野球にかぎらない。歌手でも俳優でもいい。勉強がとりわけ良くできるのでもいい。とにかく世間に評価される子供がその家族から出ると、その子のさらなる活躍に熱中して、両親の冷たい関係が一時良くなったりする。そうなると子どもの方でも一層がんばろうということになるから、ますます一芸に秀でるということになるわけです。『アダルト・チルドレンと家族』p.89
ベンは両親の期待に応えなければならないという宿命を感じ、自らも英雄になろうと目指したのだ。自分が我慢をして頑張れば、いつも厳しい母レイアは喜んでくれるし、その出来事を嬉々として父ハンに報告する。父の関心も少しは自分に向けられる。そうすると喧嘩ばかりの両親の間に、一時的に笑顔が生まれる。
自分が我慢をすればいい…ベンの心のなかに人知れぬダークサイドが芽生えていく。

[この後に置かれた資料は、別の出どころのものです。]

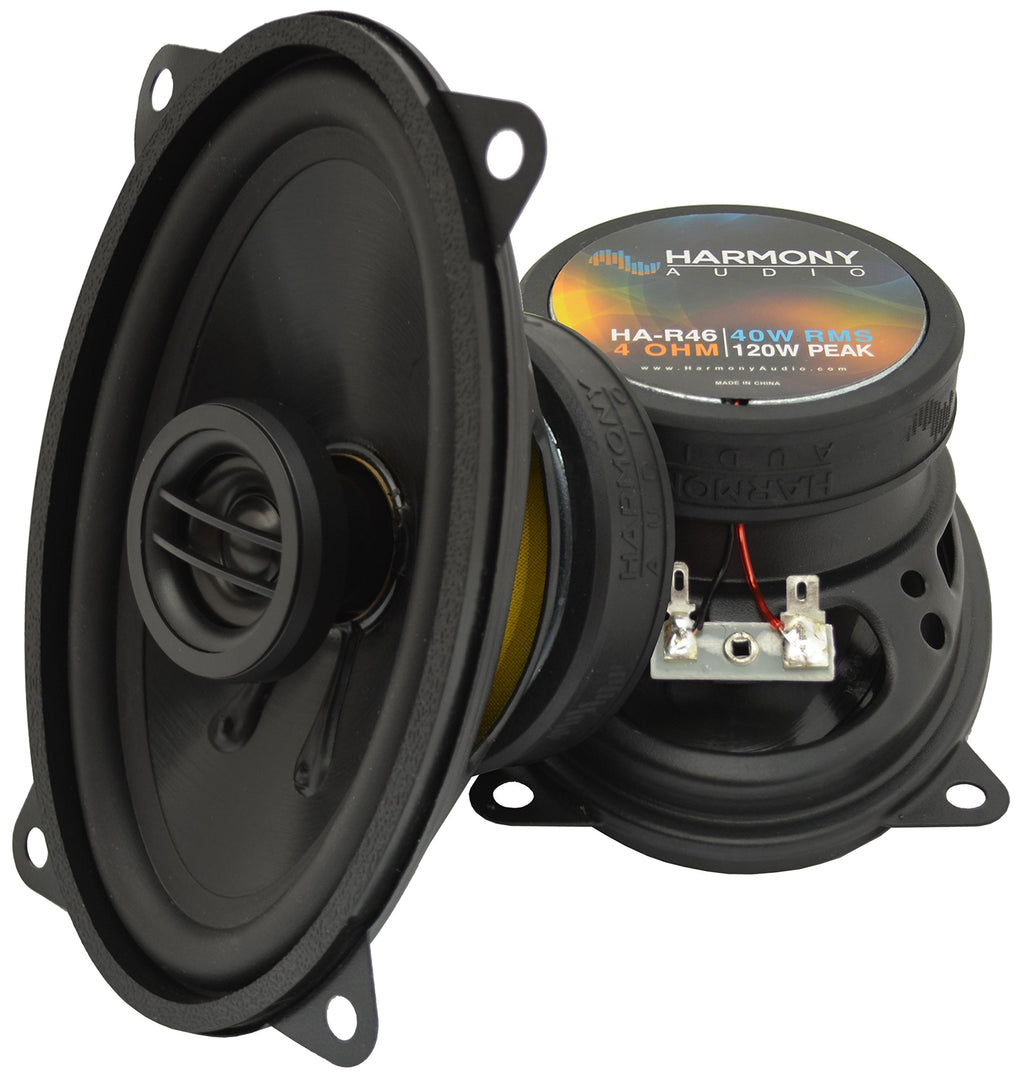 Speaker Amp Bundle Fits GMC Sierra 1988-1994 HA-R46 Pair - Harmony Audio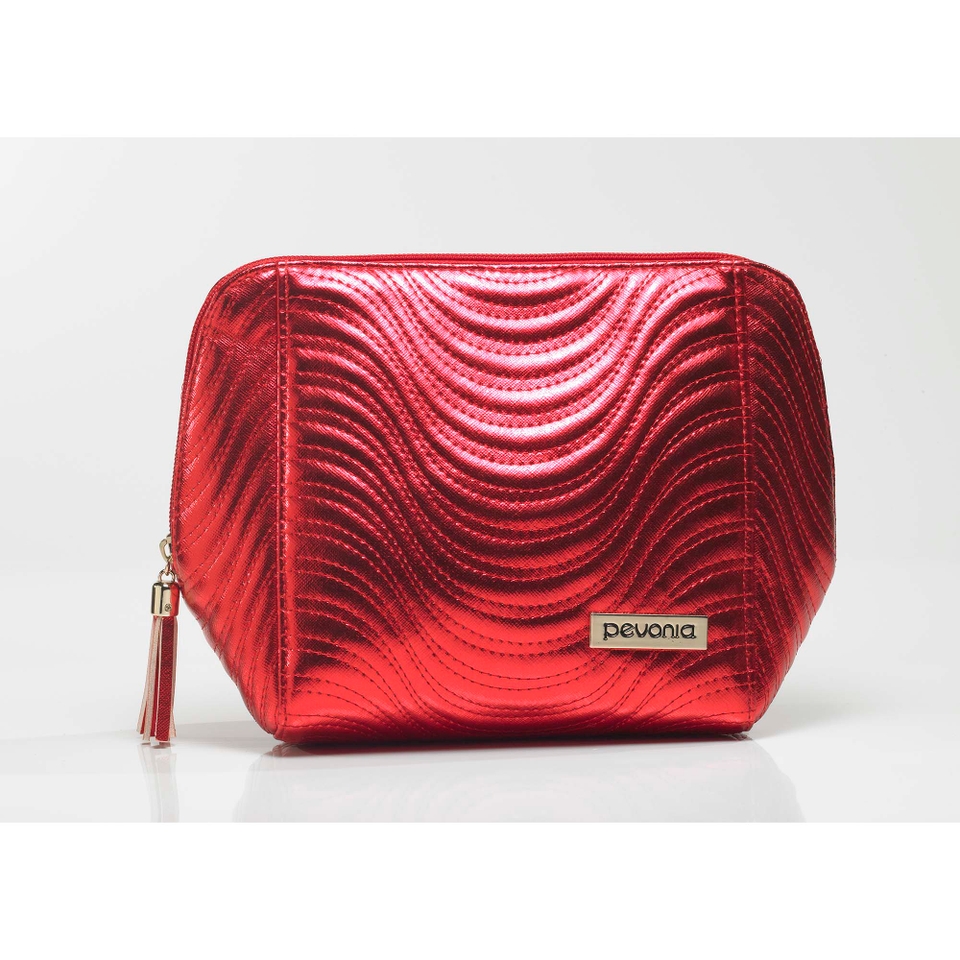 Pevonia Red Luxe Cosmetic Bag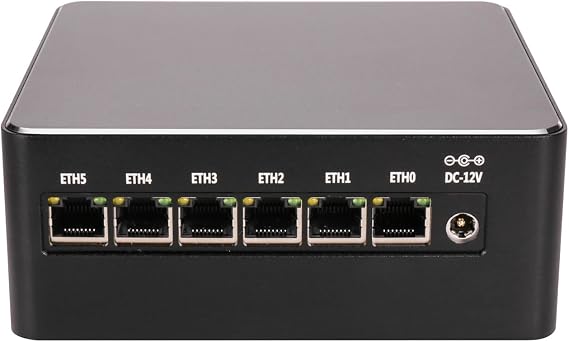 Micro Firewall Appliance, Mini PC, Mikrotik, OPNsense, VPN, Router PC, I5 1155G7, RS54, 6 x Intel 2.5GbE I226-V, DP, HDMI, RJ45 COM, With FAN, 8G RAM, 256G SSD
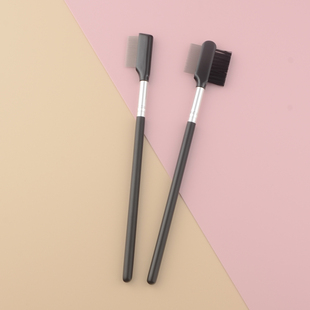 单边钢齿眉梳睫毛梳双边眉睫刷专业修眉用具修眉夹眉剪睫毛刷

アナキン・スカイウォーカーとは全く違った形の、鬱々とした形のダークサイドだ。
アダルトチルドレンとして成長したベンは、周囲との人間の関わりに息苦しさを感じていた。両親から認められなかったように、周囲からも認められないと怒りを覚えた。
オビ=ワン・ケノービとジェダイ・オーダーという怒りの矛先を持っていたアナキンと違って、ベン・ソロの場合は怒りをぶつける場所がない。虚無への怒り。だからタチが悪い。
他者からの「あるがままの自己の受け入れ」が得られないことに早々と失望してしまうために、アダルト・チルドレンは常に「さびしさ」の痛みを抱え、これが彼らに人生を苦しいもの、生きる価値のないものと感じさせます。
『アダルト・チルドレンと家族』p.102
ここからはもう、負のスパイラルだ。はじめアナキンとは全く事なる形で芽生えた彼のダークサイドは、結局アナキンと似た形で増大することになる。それは、『認められたい』『ありのままの自分を受け入れられたい』という切なる欲求だ。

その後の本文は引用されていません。